We see an extended sequence of Rick filming the part of the bad guy on a TV western pilot, half a foot in his head – there are no cameras around him, no breaks between set-ups, his performance more how he sees it than how the TV viewer ever will (the camera’s rolling rotation between DiCaprio and scene partner Timothy Olyphant acting as the mirror Rick won’t even look directly into). It’s a stunning sequence in part because of its long takes, in large part because DiCaprio tears it apart both as Rick and as the character Rick’s playing, and because it seems to have so little bearing on the film – why all this effort on the making of a TV pilot? – until gradually, it feels like that’s all that ever mattered. How we see ourselves, and forgetting that others might.
This is the loosest screenplay Tarantino has yet written, largely bereft of the ultra-clever lines that have marked his work from the start. The payoffs are so barely telegraphed that their eventual fruition could be sudden inspiration. I’d even venture to say Tarantino’s finally made the old-man film he was attempting to retire before realizing, a film made on reflex, about all the spare moments between the big moments. He was praised for this in Pulp Fiction, rightly so, but in retrospect it feels like he filled that time with smaller big moments. His characters were too clever to ever be really bored. Here, Sharon wanders past a theater three times before deciding to go inside.

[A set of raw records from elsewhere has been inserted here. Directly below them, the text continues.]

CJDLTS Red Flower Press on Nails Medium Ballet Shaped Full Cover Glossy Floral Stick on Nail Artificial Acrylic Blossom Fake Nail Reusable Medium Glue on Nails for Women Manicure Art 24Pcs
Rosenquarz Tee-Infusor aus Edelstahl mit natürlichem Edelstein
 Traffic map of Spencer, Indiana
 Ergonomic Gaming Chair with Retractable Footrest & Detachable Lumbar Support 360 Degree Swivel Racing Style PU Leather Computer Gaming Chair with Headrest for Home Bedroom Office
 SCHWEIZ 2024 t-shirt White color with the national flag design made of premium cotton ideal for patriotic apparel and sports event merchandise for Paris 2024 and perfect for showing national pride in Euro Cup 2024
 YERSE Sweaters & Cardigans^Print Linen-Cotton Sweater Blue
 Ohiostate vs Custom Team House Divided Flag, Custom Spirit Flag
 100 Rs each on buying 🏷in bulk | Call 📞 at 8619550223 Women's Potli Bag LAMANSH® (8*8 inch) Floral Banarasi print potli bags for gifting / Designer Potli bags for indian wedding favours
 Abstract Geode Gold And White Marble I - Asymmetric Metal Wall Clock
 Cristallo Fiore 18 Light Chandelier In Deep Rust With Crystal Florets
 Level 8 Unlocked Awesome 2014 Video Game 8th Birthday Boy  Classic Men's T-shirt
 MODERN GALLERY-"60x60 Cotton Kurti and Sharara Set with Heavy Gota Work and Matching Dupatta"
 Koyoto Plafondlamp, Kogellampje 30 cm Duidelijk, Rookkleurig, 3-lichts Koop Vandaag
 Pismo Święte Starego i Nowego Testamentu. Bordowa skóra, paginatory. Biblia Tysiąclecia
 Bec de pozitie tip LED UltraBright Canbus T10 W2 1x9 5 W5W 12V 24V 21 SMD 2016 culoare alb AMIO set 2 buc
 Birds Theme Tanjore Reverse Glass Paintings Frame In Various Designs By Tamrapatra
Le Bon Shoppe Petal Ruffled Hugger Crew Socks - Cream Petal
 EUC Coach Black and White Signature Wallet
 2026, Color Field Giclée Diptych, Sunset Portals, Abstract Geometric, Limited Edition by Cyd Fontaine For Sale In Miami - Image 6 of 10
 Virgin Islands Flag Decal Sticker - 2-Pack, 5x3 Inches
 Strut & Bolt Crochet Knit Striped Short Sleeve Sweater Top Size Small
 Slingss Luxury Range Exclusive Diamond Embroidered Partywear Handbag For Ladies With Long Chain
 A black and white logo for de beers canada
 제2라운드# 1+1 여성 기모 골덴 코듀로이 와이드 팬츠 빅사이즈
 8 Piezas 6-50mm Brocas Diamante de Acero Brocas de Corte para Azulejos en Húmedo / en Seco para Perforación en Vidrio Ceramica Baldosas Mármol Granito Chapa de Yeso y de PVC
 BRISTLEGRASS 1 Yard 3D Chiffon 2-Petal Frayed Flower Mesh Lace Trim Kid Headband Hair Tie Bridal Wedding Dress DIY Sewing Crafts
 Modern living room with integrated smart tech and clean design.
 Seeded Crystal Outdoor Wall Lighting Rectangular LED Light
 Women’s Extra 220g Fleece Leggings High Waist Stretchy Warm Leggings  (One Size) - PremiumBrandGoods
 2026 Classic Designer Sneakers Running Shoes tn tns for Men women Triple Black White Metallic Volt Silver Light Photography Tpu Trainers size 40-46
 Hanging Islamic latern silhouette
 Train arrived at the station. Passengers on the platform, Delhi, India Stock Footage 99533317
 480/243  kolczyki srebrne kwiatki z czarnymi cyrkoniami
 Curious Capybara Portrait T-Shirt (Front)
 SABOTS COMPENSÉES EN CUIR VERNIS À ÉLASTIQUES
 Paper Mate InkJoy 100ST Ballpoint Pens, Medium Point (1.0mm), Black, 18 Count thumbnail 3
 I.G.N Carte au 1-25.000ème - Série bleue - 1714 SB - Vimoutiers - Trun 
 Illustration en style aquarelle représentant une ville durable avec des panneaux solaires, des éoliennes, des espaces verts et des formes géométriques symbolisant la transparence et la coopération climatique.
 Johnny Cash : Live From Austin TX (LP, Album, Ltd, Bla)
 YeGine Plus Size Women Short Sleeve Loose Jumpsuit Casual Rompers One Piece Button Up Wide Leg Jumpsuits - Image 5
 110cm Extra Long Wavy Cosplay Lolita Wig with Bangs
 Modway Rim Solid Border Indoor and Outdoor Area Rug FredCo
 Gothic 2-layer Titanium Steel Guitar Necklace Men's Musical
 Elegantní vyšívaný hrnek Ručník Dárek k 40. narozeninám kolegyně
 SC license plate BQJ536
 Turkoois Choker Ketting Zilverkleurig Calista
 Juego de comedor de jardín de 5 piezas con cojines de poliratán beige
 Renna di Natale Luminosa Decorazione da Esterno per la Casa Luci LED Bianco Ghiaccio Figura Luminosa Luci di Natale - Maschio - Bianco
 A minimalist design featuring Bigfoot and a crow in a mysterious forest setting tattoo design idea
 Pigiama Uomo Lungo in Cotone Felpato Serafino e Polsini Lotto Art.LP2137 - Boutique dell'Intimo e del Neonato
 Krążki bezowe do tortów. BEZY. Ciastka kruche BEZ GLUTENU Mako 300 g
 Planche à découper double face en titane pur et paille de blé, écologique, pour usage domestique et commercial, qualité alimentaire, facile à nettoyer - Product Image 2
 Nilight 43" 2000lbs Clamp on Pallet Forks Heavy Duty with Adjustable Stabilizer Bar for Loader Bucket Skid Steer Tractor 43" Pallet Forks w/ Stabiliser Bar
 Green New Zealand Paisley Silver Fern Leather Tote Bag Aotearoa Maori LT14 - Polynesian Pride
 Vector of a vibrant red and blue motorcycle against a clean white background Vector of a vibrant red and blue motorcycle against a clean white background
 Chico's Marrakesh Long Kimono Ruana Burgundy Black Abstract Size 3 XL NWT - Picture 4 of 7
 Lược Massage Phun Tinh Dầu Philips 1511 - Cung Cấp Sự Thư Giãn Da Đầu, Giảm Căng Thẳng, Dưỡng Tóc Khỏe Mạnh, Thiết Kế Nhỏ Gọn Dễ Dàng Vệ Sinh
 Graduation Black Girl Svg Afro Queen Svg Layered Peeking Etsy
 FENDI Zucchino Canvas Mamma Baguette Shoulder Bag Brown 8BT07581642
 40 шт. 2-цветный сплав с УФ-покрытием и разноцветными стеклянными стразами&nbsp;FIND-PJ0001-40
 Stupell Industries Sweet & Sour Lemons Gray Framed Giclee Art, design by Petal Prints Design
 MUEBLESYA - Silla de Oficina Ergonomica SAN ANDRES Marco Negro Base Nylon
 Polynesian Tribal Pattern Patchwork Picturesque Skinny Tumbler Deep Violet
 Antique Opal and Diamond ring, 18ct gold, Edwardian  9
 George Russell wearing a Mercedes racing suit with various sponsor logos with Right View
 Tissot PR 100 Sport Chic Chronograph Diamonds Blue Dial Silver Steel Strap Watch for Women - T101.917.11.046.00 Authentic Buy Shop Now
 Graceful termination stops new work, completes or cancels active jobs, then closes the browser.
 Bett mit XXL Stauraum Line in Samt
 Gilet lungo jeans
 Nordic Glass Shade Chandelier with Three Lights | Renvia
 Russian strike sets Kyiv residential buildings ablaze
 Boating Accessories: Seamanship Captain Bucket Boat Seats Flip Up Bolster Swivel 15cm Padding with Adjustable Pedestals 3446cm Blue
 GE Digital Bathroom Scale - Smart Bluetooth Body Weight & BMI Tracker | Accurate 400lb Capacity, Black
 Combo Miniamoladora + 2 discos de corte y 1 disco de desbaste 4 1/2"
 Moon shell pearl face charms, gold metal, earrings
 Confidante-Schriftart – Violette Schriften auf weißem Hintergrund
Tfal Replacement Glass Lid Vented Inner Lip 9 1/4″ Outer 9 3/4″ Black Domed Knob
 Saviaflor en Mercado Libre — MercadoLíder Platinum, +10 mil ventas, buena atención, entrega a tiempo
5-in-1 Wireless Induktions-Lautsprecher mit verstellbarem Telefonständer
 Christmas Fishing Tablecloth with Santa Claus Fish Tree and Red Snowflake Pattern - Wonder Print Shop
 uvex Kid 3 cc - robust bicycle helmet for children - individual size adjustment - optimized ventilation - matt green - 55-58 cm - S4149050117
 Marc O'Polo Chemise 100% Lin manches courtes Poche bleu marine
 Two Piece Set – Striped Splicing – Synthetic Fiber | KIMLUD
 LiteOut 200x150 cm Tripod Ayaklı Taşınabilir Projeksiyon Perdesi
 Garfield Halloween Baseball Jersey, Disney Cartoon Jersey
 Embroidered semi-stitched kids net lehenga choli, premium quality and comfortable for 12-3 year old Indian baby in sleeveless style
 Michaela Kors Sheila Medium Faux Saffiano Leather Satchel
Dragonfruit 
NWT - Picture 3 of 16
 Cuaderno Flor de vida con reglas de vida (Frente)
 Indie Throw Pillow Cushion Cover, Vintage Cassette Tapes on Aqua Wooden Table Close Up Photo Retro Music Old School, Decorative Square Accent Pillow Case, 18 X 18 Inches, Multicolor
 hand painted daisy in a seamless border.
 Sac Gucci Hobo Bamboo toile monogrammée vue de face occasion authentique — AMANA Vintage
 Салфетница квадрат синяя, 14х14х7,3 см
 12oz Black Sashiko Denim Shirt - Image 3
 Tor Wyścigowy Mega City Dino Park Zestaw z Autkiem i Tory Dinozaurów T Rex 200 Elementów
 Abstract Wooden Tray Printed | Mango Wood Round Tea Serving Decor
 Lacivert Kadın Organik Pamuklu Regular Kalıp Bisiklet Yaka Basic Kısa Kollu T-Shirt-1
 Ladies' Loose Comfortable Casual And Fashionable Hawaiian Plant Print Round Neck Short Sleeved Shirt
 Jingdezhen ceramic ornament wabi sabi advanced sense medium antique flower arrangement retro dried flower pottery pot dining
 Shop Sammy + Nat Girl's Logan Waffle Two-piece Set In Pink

And you feel, through this lax quality and the length of time he spends with the simplest things, Tarantino’s desire to live inside it. It’s clear he could spend the entire film driving up and down Hollywood Blvd, dipping into restaurants and shops, chatting up their proprietors for even a few seconds. His desperation for details – the radio jingles, the ads on the road, the old signs that come alive as August 8th creeps towards August 9th – all mark a world he is ecstatic to recreate. I love these kinds of films, made for the pleasure of their making. It’s a dream of the past, a dream of the town that makes our dreams come true.
Those who saw Inglourious Basterds will know that Tarantino’s dreams do not hew precisely to the historical record, and the extent to which he faithfully depicts the events of August 9th, I’ll leave for you to discover. It stirred a lot of questions in me about the morality of bringing the dead to life onscreen, and revisiting a tragedy so horrific as to be unimaginable for most of us. There’s a strong case to be made that Tarantino does so irresponsibly. I don’t have a conclusive thought on that yet, nor would I expect to after a single viewing. I do feel that, as a film, as a thing one sits in for nearly three hours and wanders around and ruminates it, it’s a bold, strange, incredibly alluring experience. But I share Tarantino’s fondness for the era, and the dream is powerfully persuasive.
love leonardo on this movie
Wonderfully written review. 48 hours later and I still can’t shake the beautiful, melancholic mood this one left me with.